### WORK ITEM
From the material below, reproduce exactly the stretch of lines that begins with the line holding "Recovery Tow Transport" and ends with the line holding "Deadlines for applying", skipping the pictures.

### DATASET RECORDS
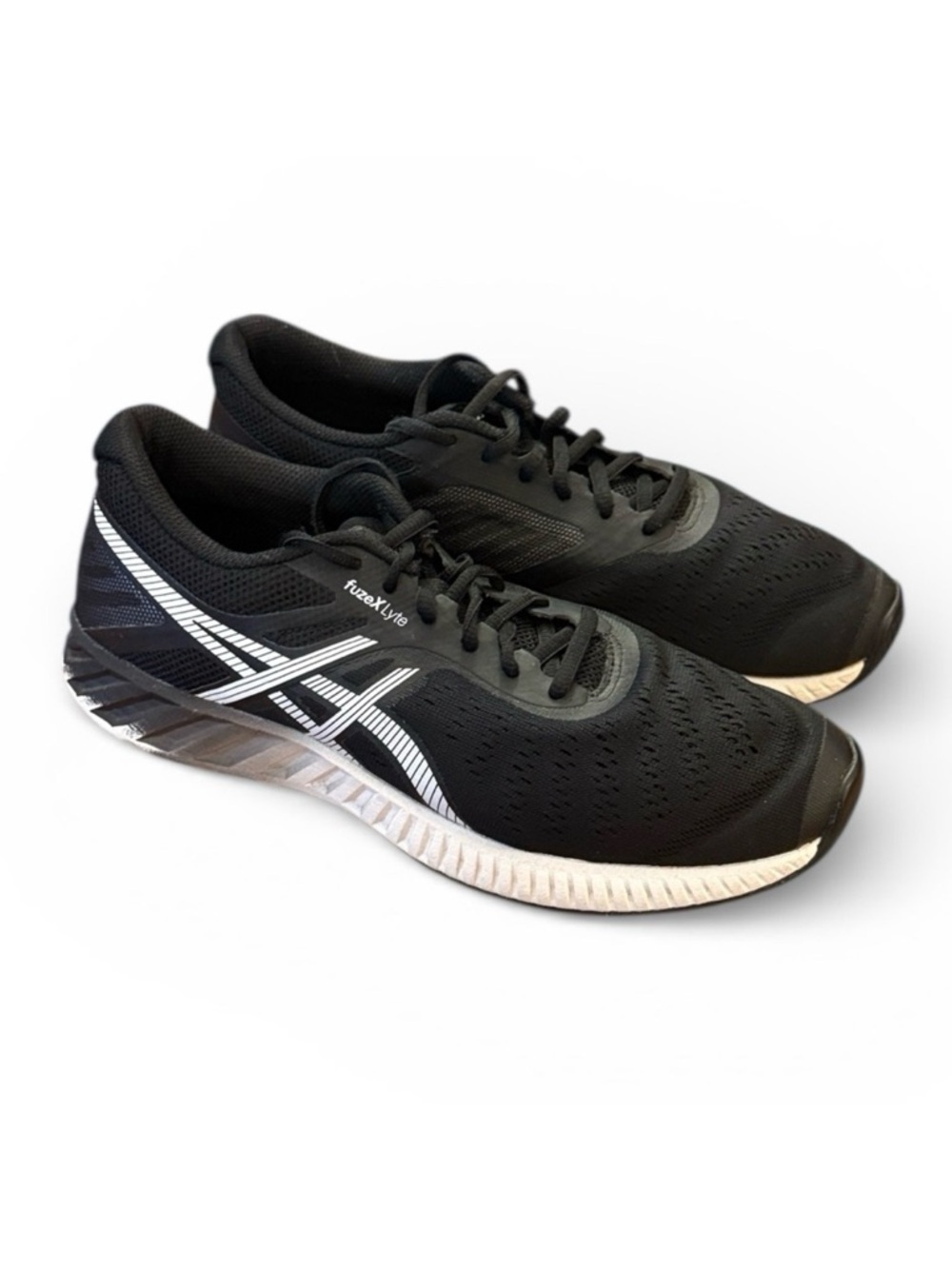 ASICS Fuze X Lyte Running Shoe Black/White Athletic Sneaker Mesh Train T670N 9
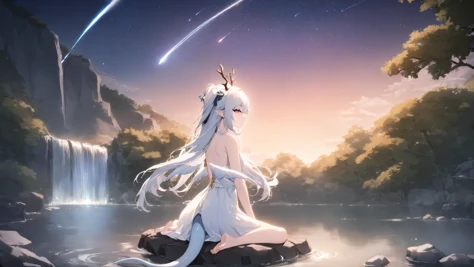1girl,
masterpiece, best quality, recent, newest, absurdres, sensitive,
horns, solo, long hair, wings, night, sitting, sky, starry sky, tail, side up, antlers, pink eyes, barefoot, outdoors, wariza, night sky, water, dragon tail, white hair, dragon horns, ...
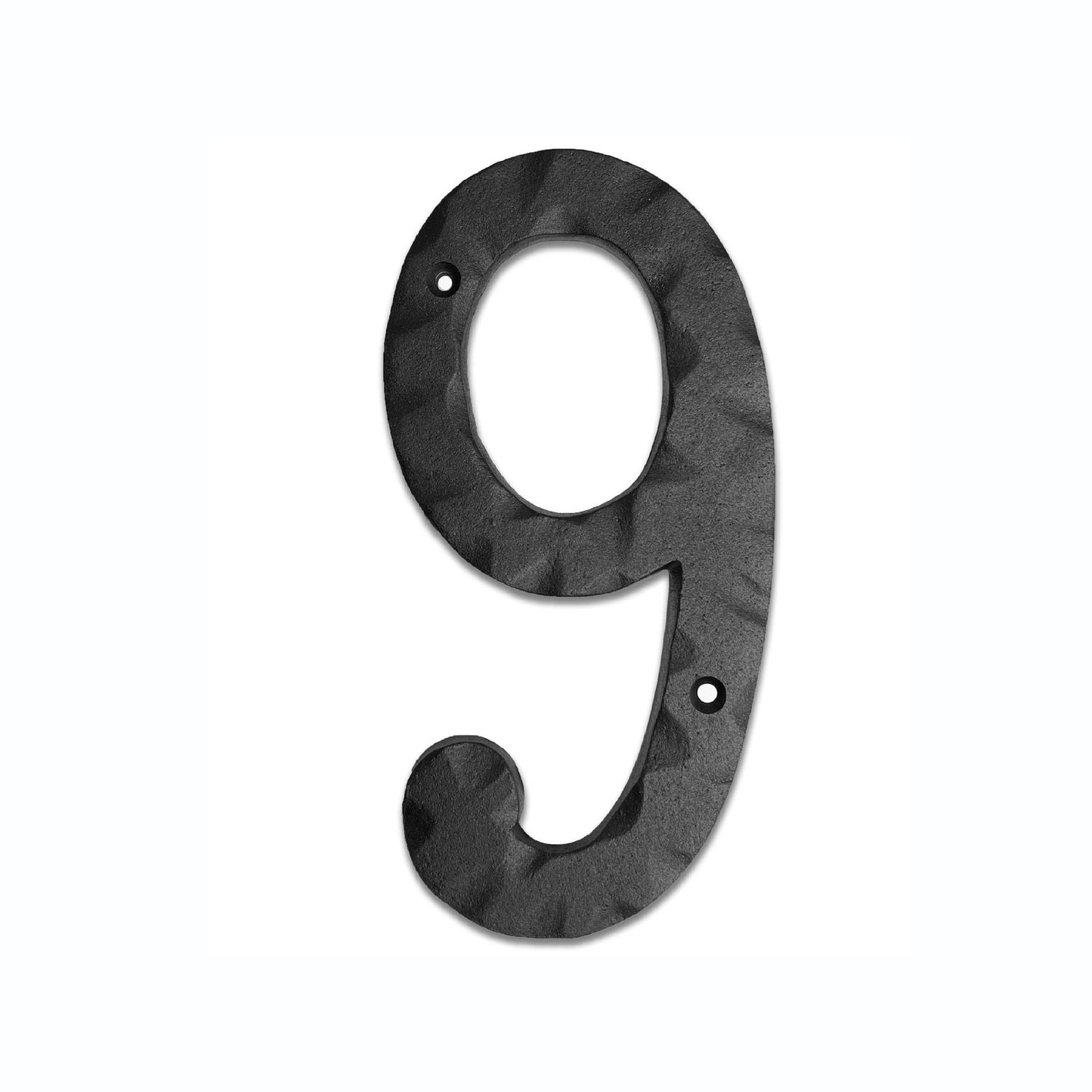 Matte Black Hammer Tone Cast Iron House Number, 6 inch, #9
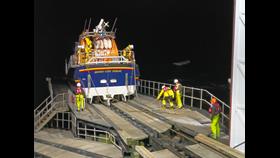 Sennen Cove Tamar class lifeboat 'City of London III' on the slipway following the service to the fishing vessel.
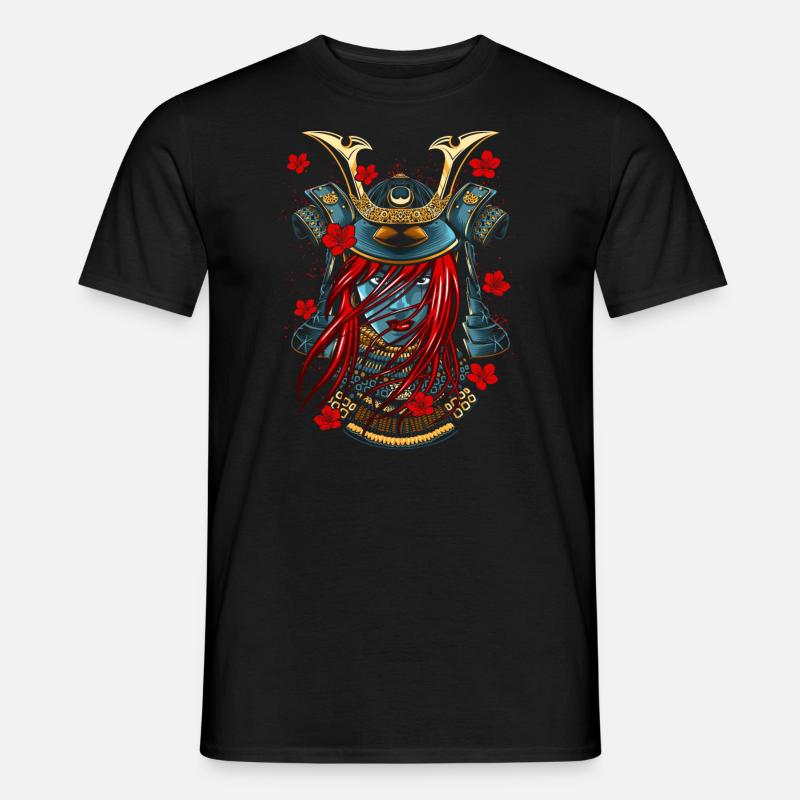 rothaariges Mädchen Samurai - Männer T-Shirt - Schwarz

* * *

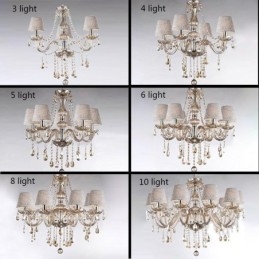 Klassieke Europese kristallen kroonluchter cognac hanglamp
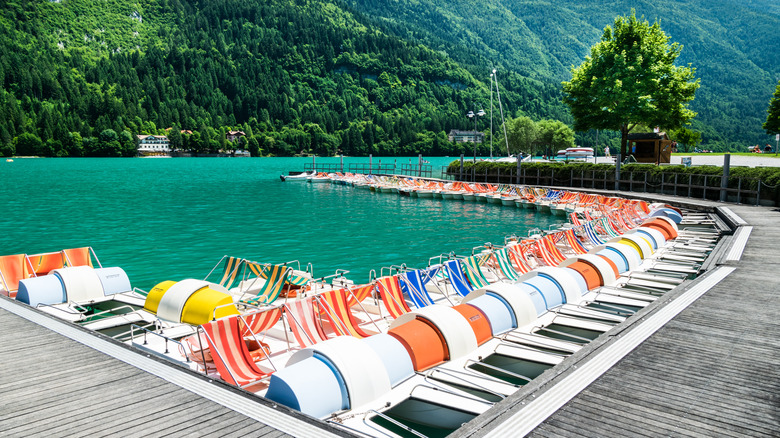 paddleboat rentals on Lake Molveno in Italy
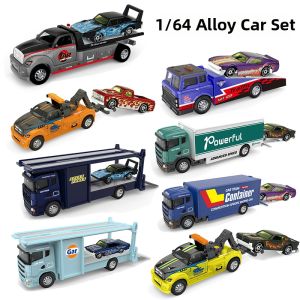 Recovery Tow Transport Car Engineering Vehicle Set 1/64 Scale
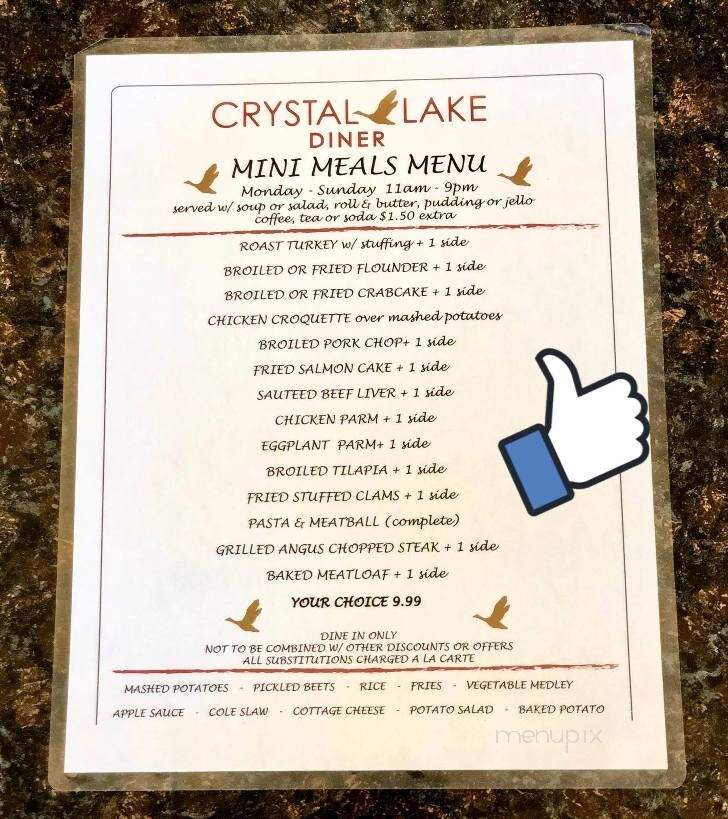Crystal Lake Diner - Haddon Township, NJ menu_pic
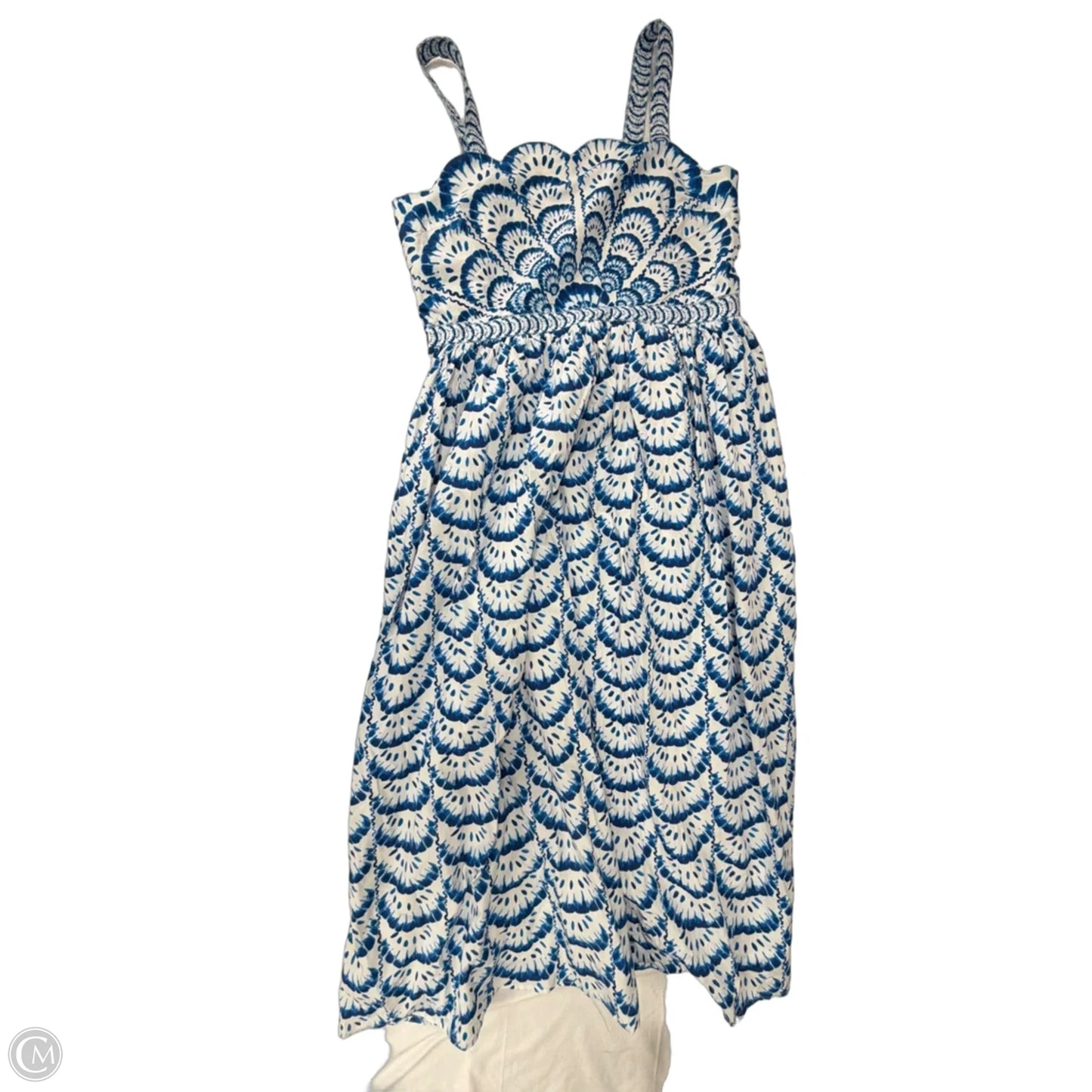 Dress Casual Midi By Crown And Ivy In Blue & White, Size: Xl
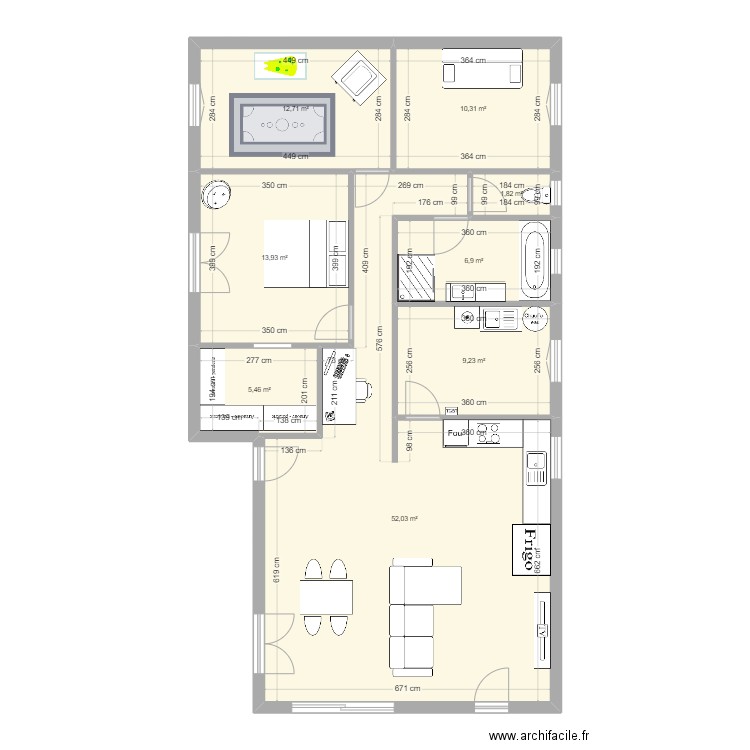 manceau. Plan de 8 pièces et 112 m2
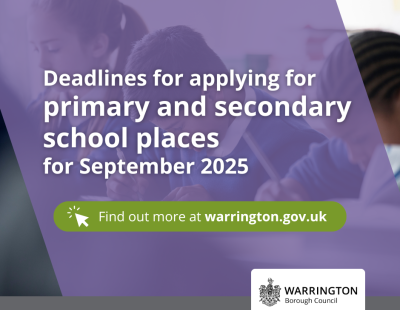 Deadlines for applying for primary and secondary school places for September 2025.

---

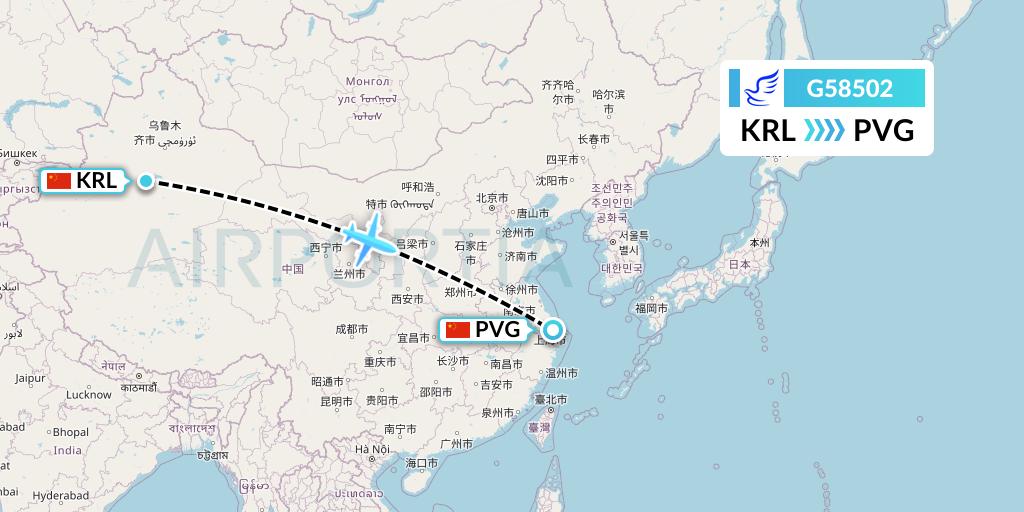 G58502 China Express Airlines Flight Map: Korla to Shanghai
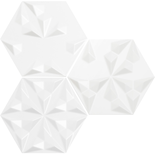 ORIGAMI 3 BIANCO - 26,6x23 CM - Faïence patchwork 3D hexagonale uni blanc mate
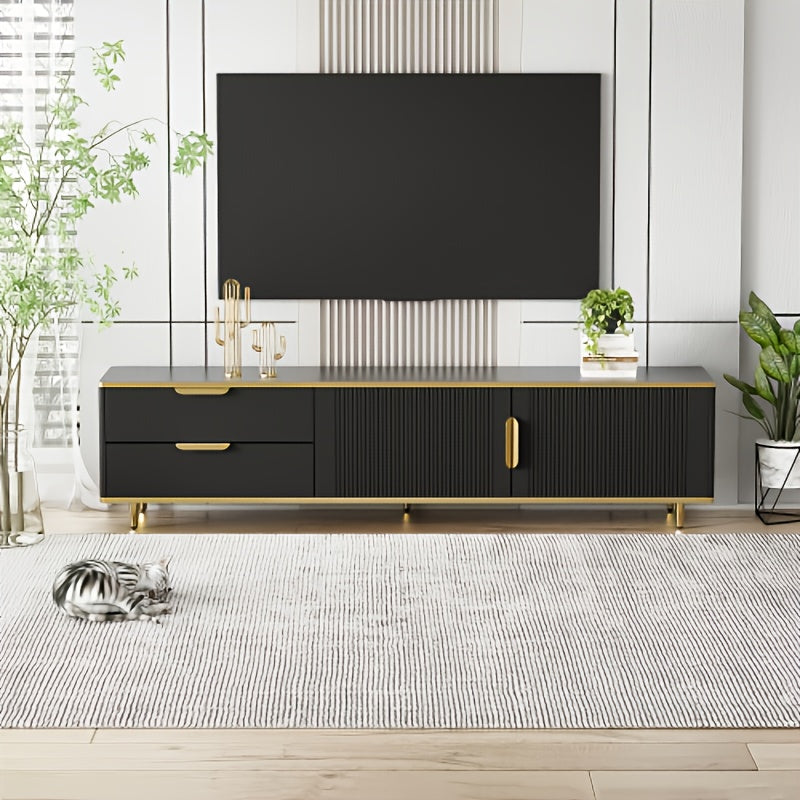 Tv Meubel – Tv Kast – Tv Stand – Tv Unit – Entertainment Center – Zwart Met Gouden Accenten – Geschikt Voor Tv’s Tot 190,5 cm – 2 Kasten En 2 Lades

### YOUR SOLUTION
 Recovery Tow Transport Car Engineering Vehicle Set 1/64 Scale
Crystal Lake Diner - Haddon Township, NJ menu_pic
 Dress Casual Midi By Crown And Ivy In Blue & White, Size: Xl
 manceau. Plan de 8 pièces et 112 m2
 Deadlines for applying for primary and secondary school places for September 2025.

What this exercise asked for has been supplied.